UK buy-to-let landlords will still benefit from £16.7bn worth of tax relief after the government’s changes to the system are fully implemented by 2020, analysis by London estate agent ludlowthompson shows.

The tax relief allows buy-to-let property landlords to offset against their rental income expenses like mortgage interest and other costs including property repairs, maintenance and renewals, legal costs, management and professional fees; and rates, insurance and ground rents.

Stephen Ludlow, chairman at ludlowthompson, said: “Despite tightening, buy-to-let tax breaks are still very valuable, highlighting that rental property remains a highly attractive investment vehicle.

“Those tax breaks are essential to ensure that landlords continue to invest in maintaining their properties.
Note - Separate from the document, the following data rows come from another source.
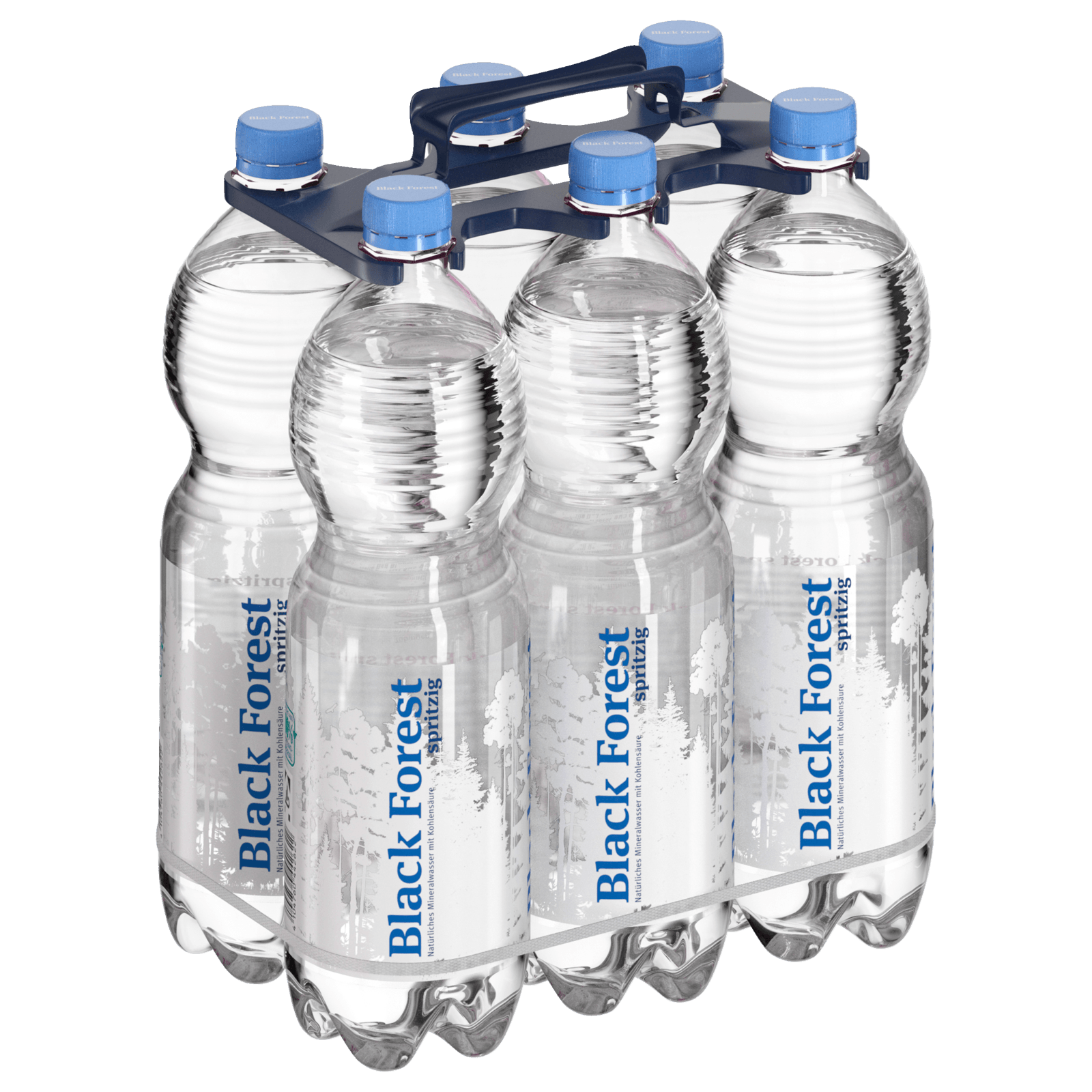Black Forest Mineralwasser spritzig 6x1l bei REWE online bestellen!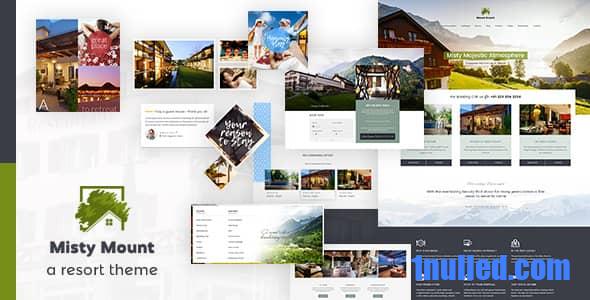 Mount Resort Hotel WordPress v2.8 - 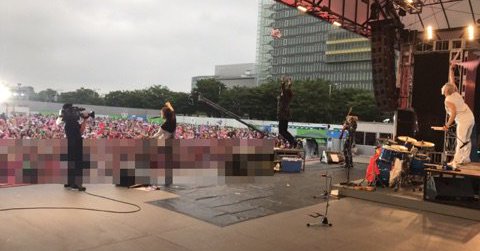 8/11(金) ゴールデンボンバーめざましライブセトリレポまとめ!!コードブルーと鰻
If the tax breaks are reduced further then landlords will cut their investment in the properties they own – reducing the standard of UK rental accommodation.”

The Treasury said it expects the amount of taxes it collects from landlords to rise by£840m a year by 2020-21 after its cuts in tax reliefs on interest payments and property maintenance.
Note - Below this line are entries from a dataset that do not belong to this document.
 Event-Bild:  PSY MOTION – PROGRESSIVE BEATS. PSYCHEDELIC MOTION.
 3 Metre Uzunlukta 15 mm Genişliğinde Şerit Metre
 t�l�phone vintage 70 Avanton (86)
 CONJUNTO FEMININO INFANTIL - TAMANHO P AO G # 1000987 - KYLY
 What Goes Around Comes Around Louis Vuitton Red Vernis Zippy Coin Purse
Government data showed landlords claimed £17.5bn in property expenses in the last year.

Landlords claimed over £7bn in tax relief on mortgage interest and other financial costs, while £3.7bn was claimed for property repairs and maintenance.
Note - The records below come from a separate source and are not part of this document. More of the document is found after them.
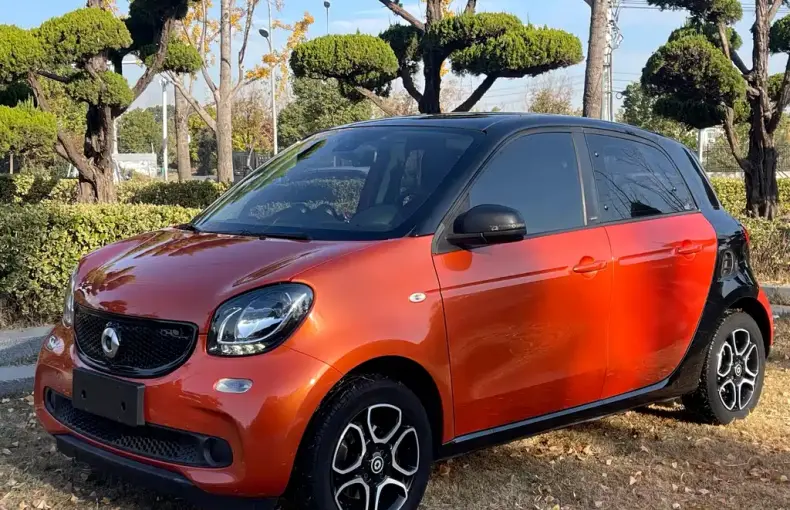 smart Smart Forfour 2019 из Китая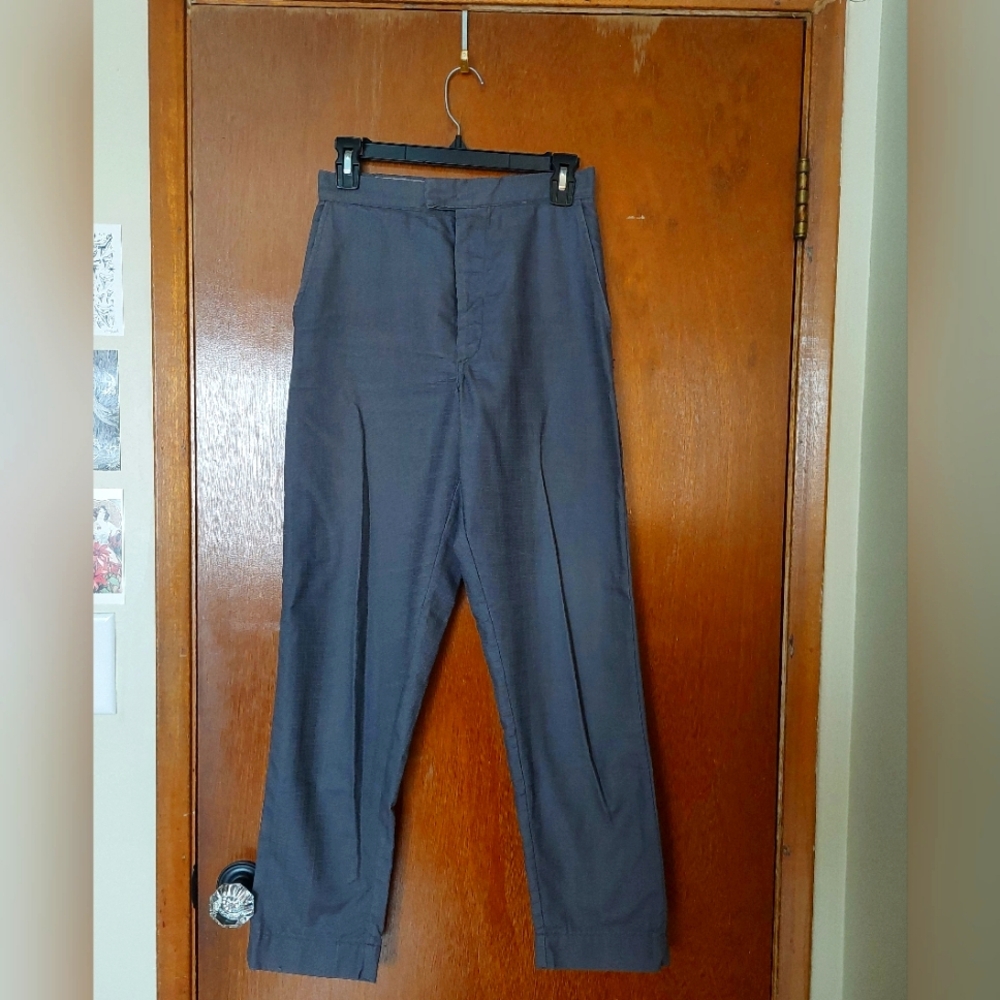 Vintage high waisted slacks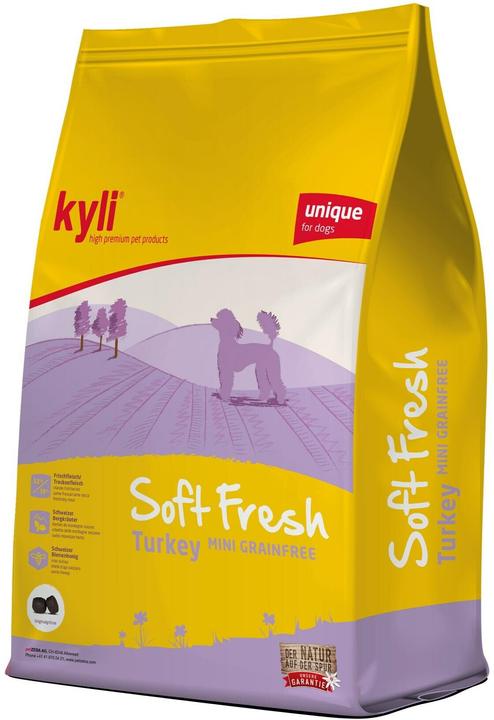 Image du produit Kyli Dinde fraîche et moelleuse Mini (Adulte, 1 pcs, 1500 g)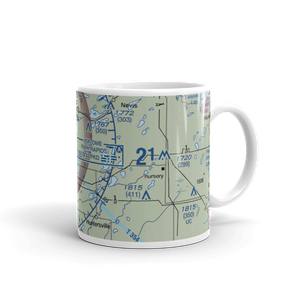 Cary Airport (MY88) VFR Sectional  Mug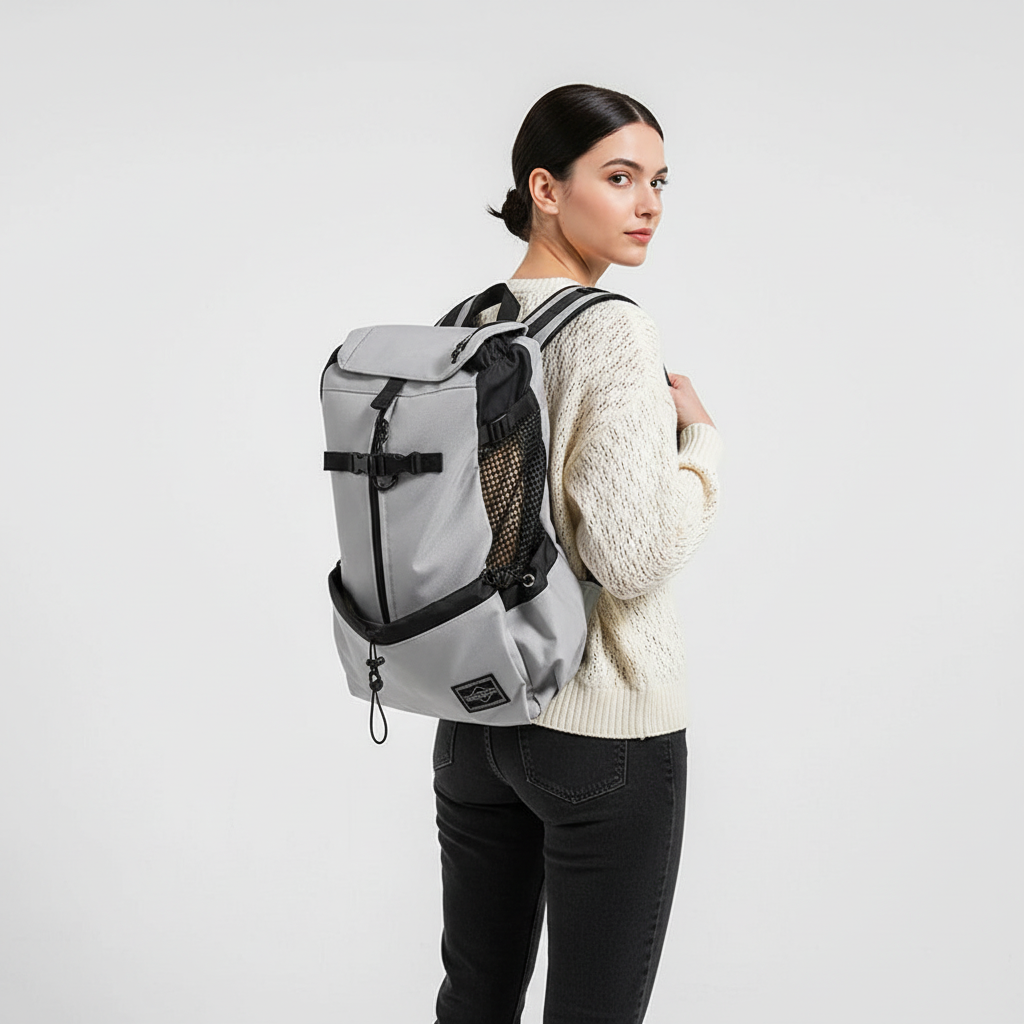 Ergonomischer Hundetrage Rucksack - CompanionPack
After planned changes to tax relief are fully implemented, landlords will still be able to claim approximately £6.4bn on interest rate costs alone.

Ludlow added: “Labour mobility continues to be central to economic strength. However, if cities like London are to remain a magnet for home-grown and international talent, sustaining a vibrant, high quality rental market is essential.

“To do that, the system has to work well for both tenants and landlords.”